Risotto rice, known as ‘arborio’, is probably better defined as round-grain. Its grains are larger, with a firm, chalky centre. Risotto rice is never washed before cooking, as the lovely, smooth, surface starchiness is essential for making creamy rich risottos. Our favourite risotto rices are Vialone Nano and Carnaroli.

Other varieties of rice, outside the scope of this book, are South-East Asian varieties such as glutinous rice and black rice. Then there is red rice from the Camargue in France, and brown rice which has its bran still attached and is enjoyed by the virtuous and nutrition-conscious. Wild rice is not rice at all, but the strong-flavoured grain from a species of North American wild grass.

As far as storing rice goes, the same rule applies to them all: once opened, the packet should be kept it in an airtight container. The general consensus is that most refined rices available in the West keep fairly well for up to three years, although aromatic rices gradually lose their fragrance. Cooked rice has a surprisingly short life span. Harmful bacteria will grow very quickly above 4°C, and will even grow slowly in the refrigerator. Cooked rice should therefore be refrigerated and eaten within two days.

Using rice

In the Middle East, rice cooking is almost an art form and different regions and even different families swear by their own particular method. At its most straightforward, long-grain rice (which is preferred for most occasions) is cooked by a simple absorption method, so that each perfect spoonful is light and fluffy, never sticky, each grain firm and separate.

From here the variations are endless – some people like to sauté the rice in a little oil or butter first, others add this afterwards. Some people soak, others don’t even wash the rice first. Many people cover the rice with a tight-fitting lid, others only partly cover the pan. Even the amount of cooking water used and the cooking time will be endlessly disputed.
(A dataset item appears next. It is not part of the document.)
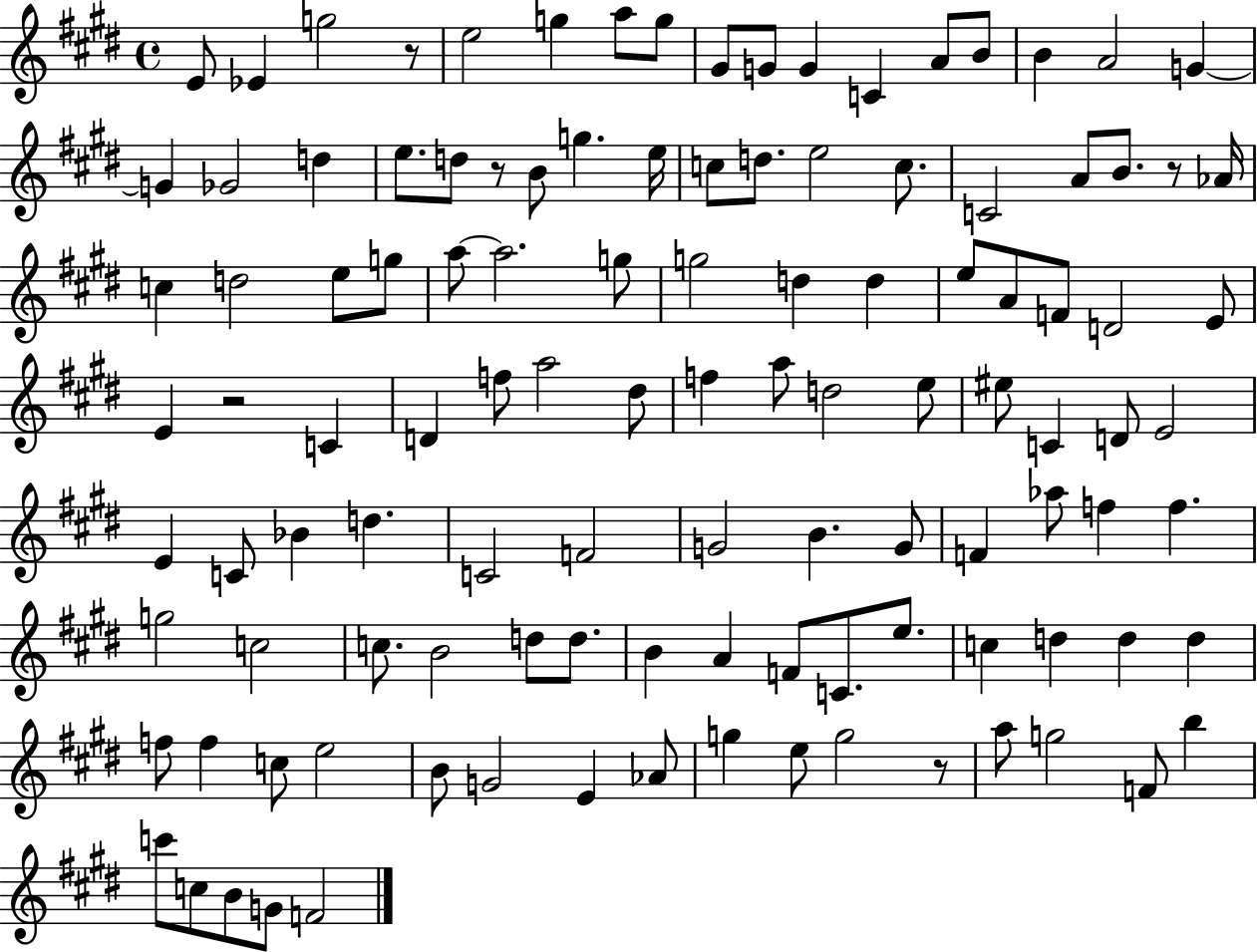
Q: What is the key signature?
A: E major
We have included in this book a number of risotto dishes, which are of course not at all Middle Eastern. Greg spent part of his training in Italy, where he cooked risotto every day. As a result he is quite passionate about it – he always includes a risotto dish on his menus and we cook it at home as a regular treat. They work beautifully with many Middle Eastern ingredients and make a terrific accompaniment to many Middle Eastern and Mediterranean dishes.